Competition and the market are like water, they go where they want
Here’s a way to think about it, inspired by Merlin Mann: Imagine that next year your company is going to make 10 million dollars instead of a hundred million dollars in profit. What would you do knowing that your profits were going to be far less than they are today? Because that’s exactly what the upstart with nothing to lose is going to do. Ten million in profit is a lot to someone starting with zero and trying to gain share. They don’t care that you made a hundred million last year from the old model.

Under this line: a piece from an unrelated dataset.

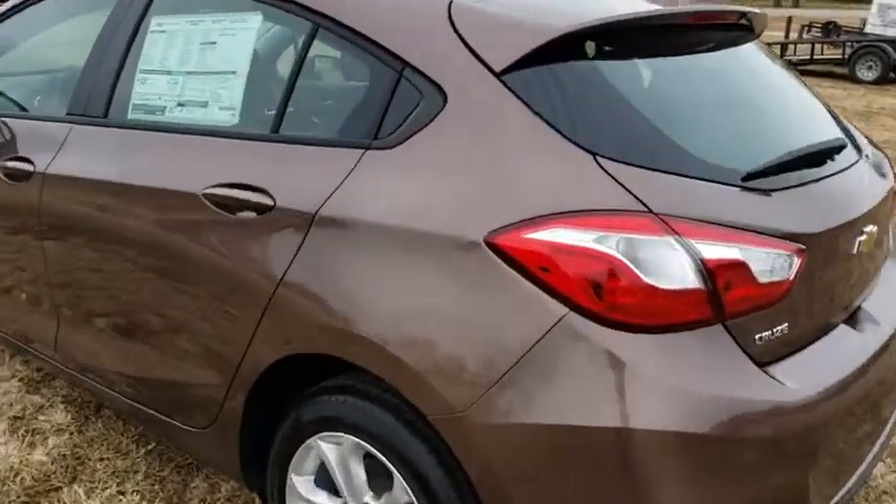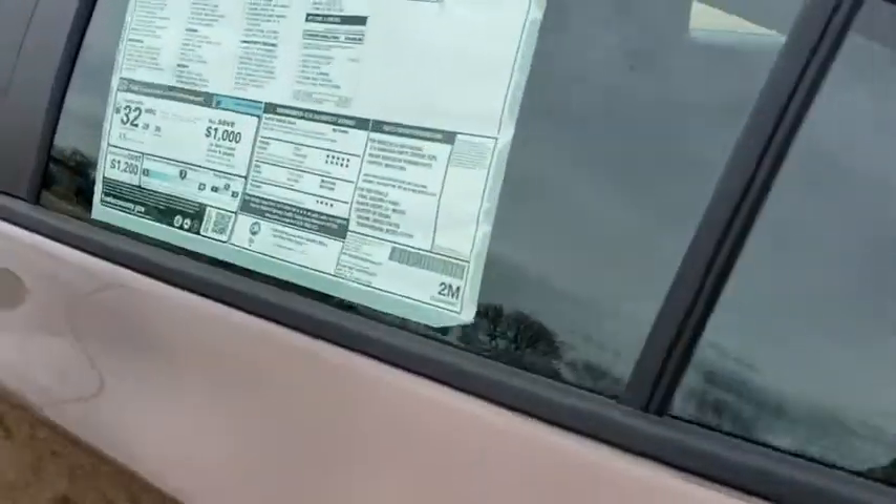Take this vehicle for a spin and see why so many shoppers are now proud owners.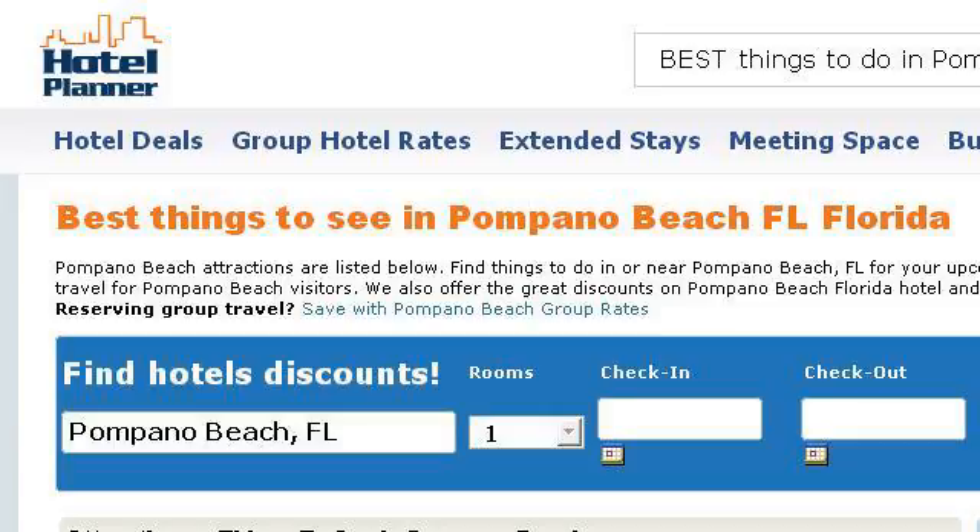You can also try www.hotelplanner.com, especially the page 'Best Things to Do in Pompano Beach, Florida Plus Stuff to See.' Here's the link.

If I’m an upstart publisher or a little-known author, you can bet I’m happy to sell my work at $5 and earn seventy cents a copy if I can sell a million. Smart businesspeople focus on the things they have the power to change, not whining about the things they don’t. Existing publishers have the power to change the form of what they do, increase the value, increase the speed, segment the audience, create communities, lead tribes, generate breakthroughs that make us gasp. They don’t have the power to demand that we pay more for the same stuff that others will sell for much less. And if you think this is a post about the publishing business, I hope you’ll re-read it and think about how digital will change your industry too.
This post by Seth Godin is so spot on, it hurts.
So please all you producers of music, movies, pictures etc. all you publishers of newspapers, don’t fight the digitalization of your industries. It’s a war you have already lost and will never be able to win.
Rethink your business models and follow the market or – even better – create a new market. There are plenty of great opportunities out there. And if you find yourself stuck in a declining market in 2-3 years from now (it has already happened as I posted in “Prepare For The Digital Age: The End Of Newspapers“), don’t blame the digital age for it. Markets will always be changing that’s there nature.
These are amazing times. Embrace them.